Uncanny Valley, a new art and performance space, officially opened to the public on Feb. 24, bringing all of these offerings to visitors of its 26-09 Jackon Ave., Long Island City location. It is one of the latest projects from nonprofit group Chashama, which repurposes unused or dormant spaces to create temporary art galleries, studios and theaters.

Uncanny Valley is a combination of all of these. Its opening party featured Balkan no-wave band the Drunkard’s Wife, a play from Williamsburg’s Dome Theater and an installation from artist-in-residence Lisa Ludwig.
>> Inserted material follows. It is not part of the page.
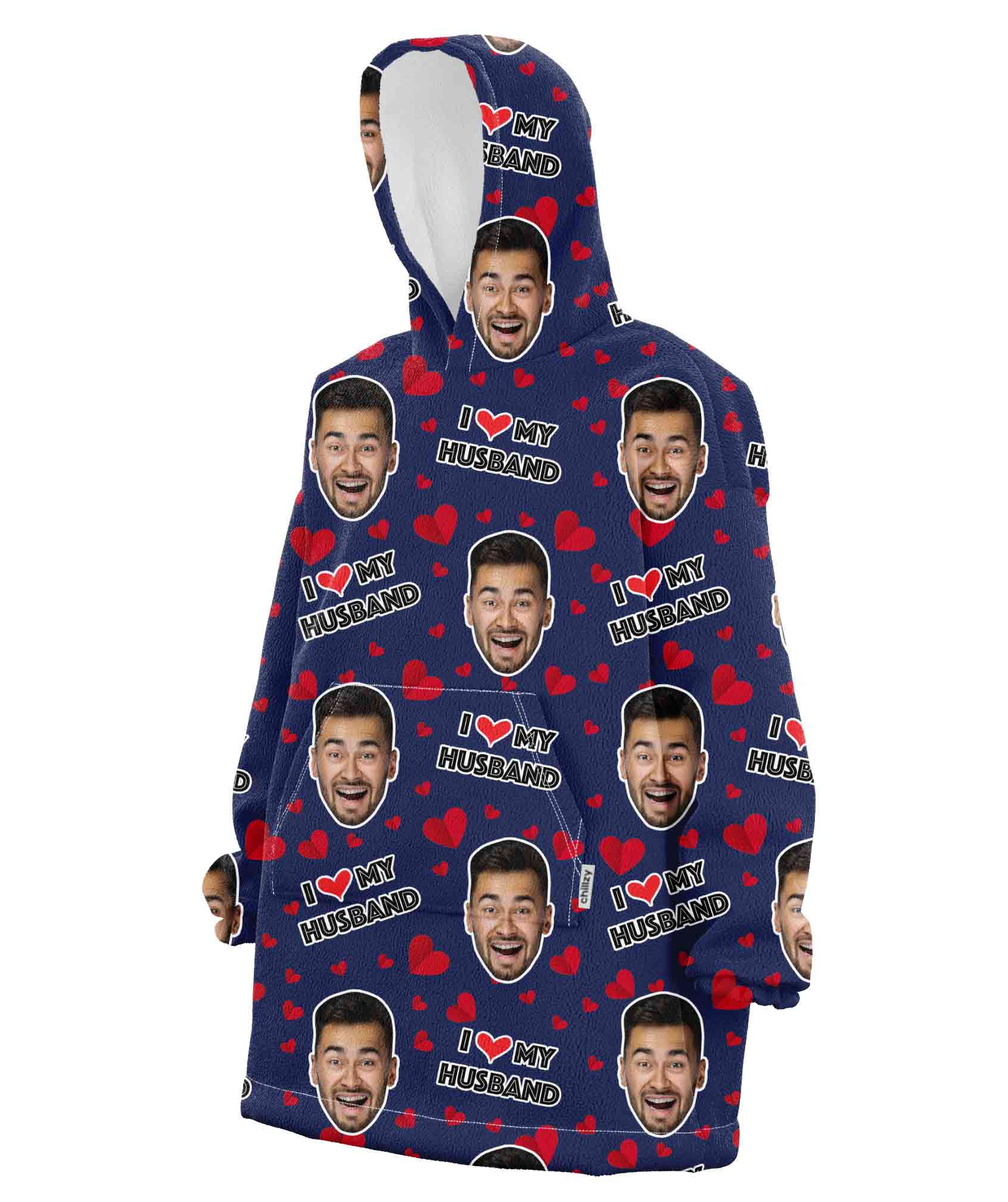 I Love My Husband Custom Hoodie Blanket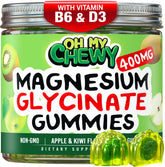 OH MY CHEWY center-filled magnesium gummies bottle image for family use.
It holds monthly musical and theatrical evenings, with the next one on March 16 and a reading event the following week, as well as craft and community nights.

The space will also host a series of events after the PS1 Warm Up days on Saturdays throughout the summer.

In addition to being an event venue, Uncanny Valley serves as a workshop space for the National Theater of the United States of America theater company, as it works on a production of “The Golden Veil” that it describes as an “epic micro-spectacle” on its website.

“People can come see the workshop in action. The production value might not be high, but it will be an open and inviting atmosphere and we want people’s feedback,” said Normandy Raven Sherwood, co-director of Uncanny Valley. “The space is not just for the final presentation of work, but all the stages along the way.”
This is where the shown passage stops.